## Your assignment
Word for word, set down the lines from the one that contains "Hand Juicer Squeezer" through the final line of the data; no pictures belong in the copy.

## The input
★ ★ ★

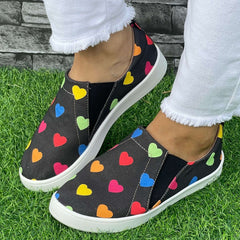 Heart Pattern Slip-On Flat Shoes for Women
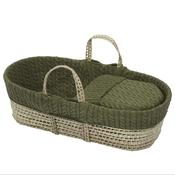 Cuddles Green Cable Knit Moses Basket with folding Stand and Blanket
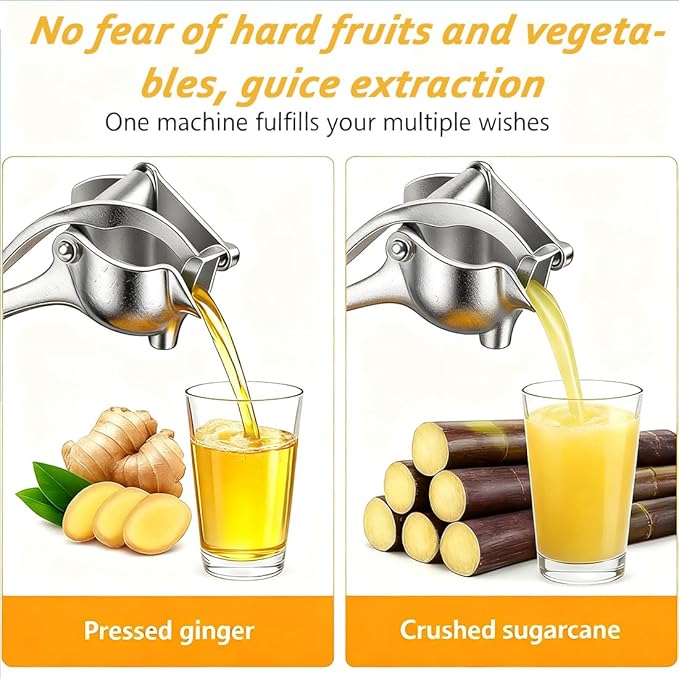 Hand Juicer Squeezer - Aluminum Alloy Fresh Fruit Juice Extractor, Fruit Juice Handheld Press Squeezer with Seed Filter, Heavy Duty Manual Hand Press Juicer for Citrus and Other Fruits (2PCS)
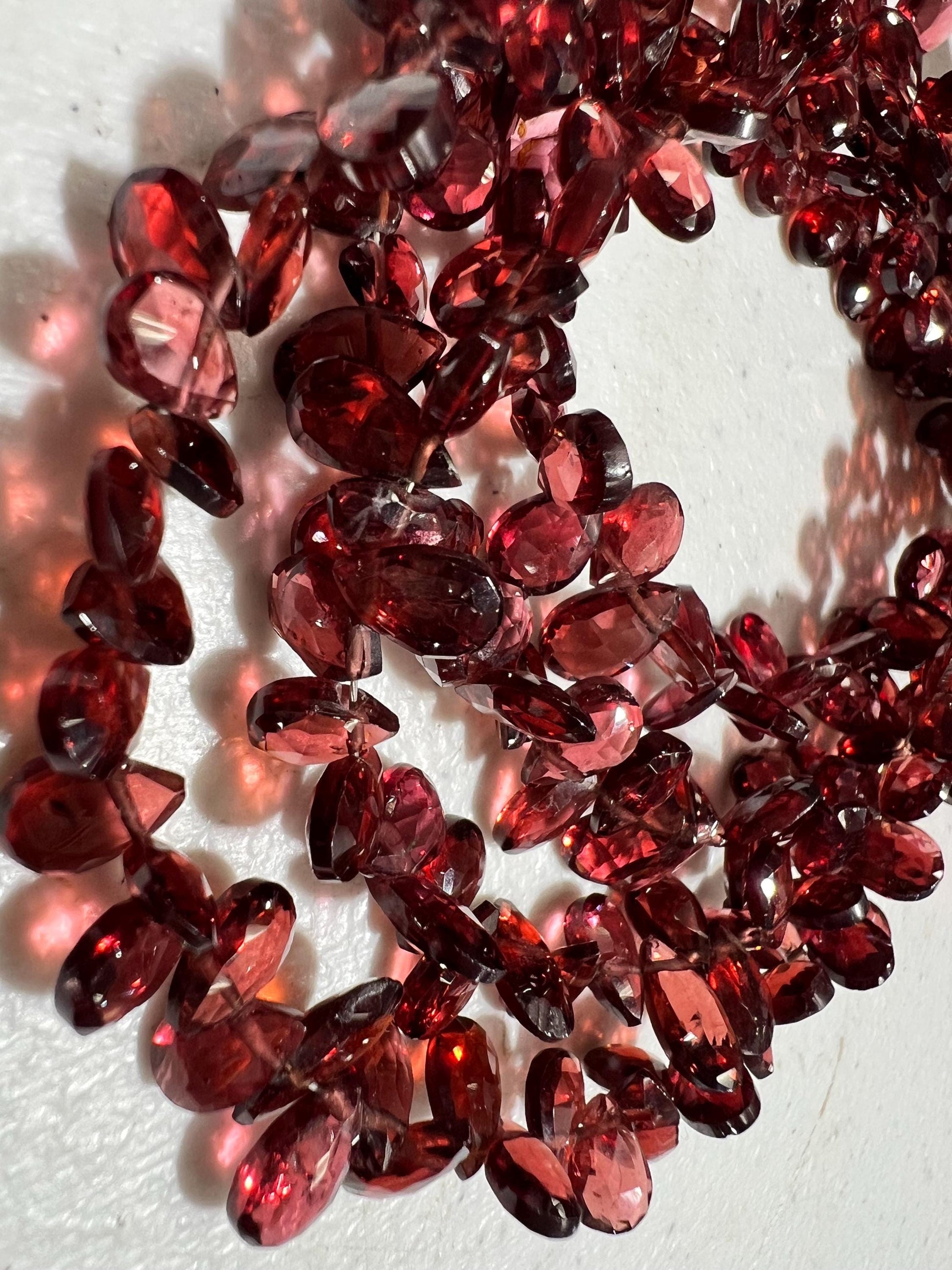 Mozambique Red Garnet Micro Faceted 4-5x6-7mm pear Drop Jewelry Making beads January Birthstone Teardrop Beads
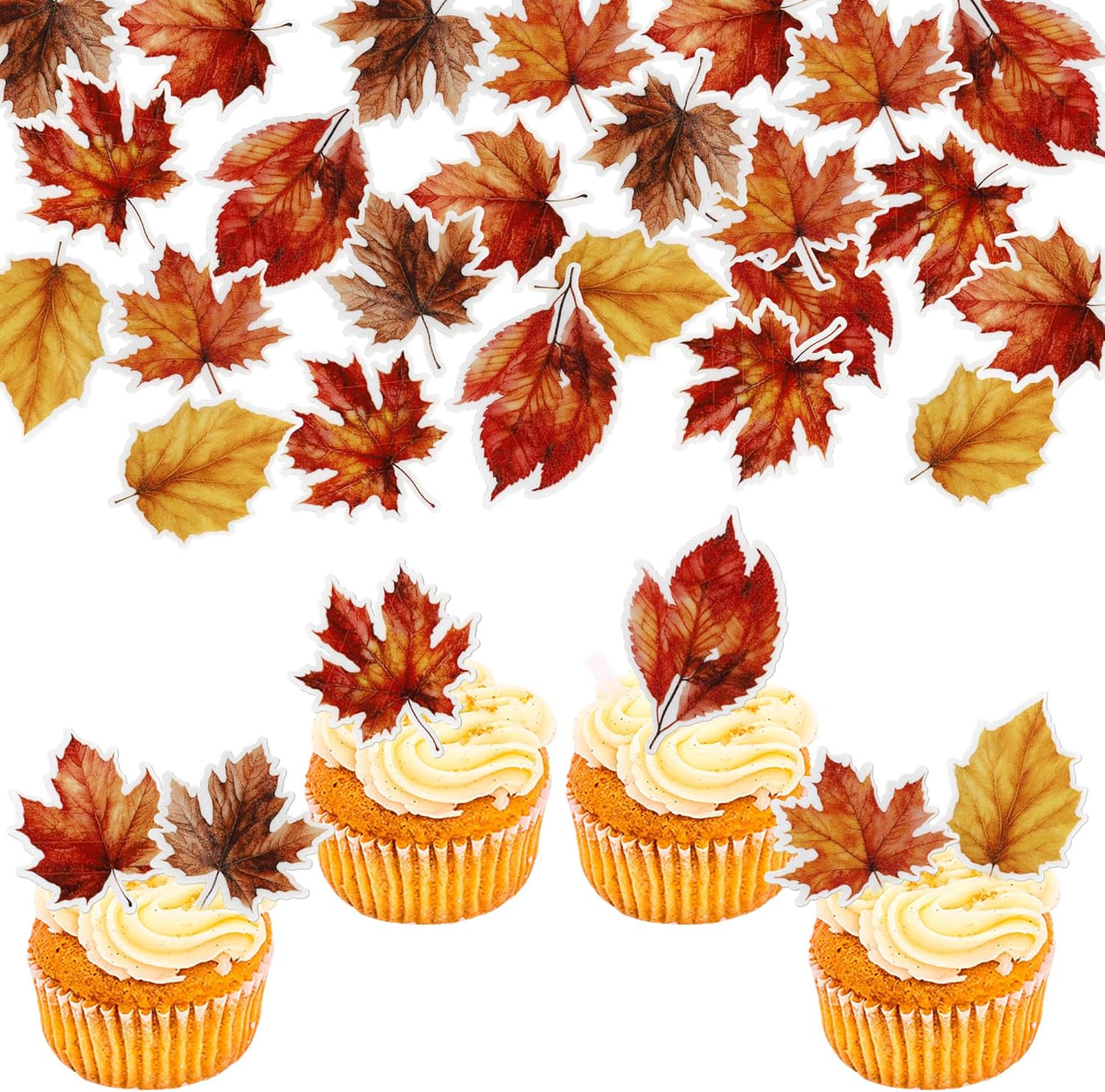 48-PCS-Edible-Edible-Fall-Leaves-Cupcake-3950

★ ★ ★

## Final answer
 Hand Juicer Squeezer - Aluminum Alloy Fresh Fruit Juice Extractor, Fruit Juice Handheld Press Squeezer with Seed Filter, Heavy Duty Manual Hand Press Juicer for Citrus and Other Fruits (2PCS)
 Mozambique Red Garnet Micro Faceted 4-5x6-7mm pear Drop Jewelry Making beads January Birthstone Teardrop Beads
 48-PCS-Edible-Edible-Fall-Leaves-Cupcake-3950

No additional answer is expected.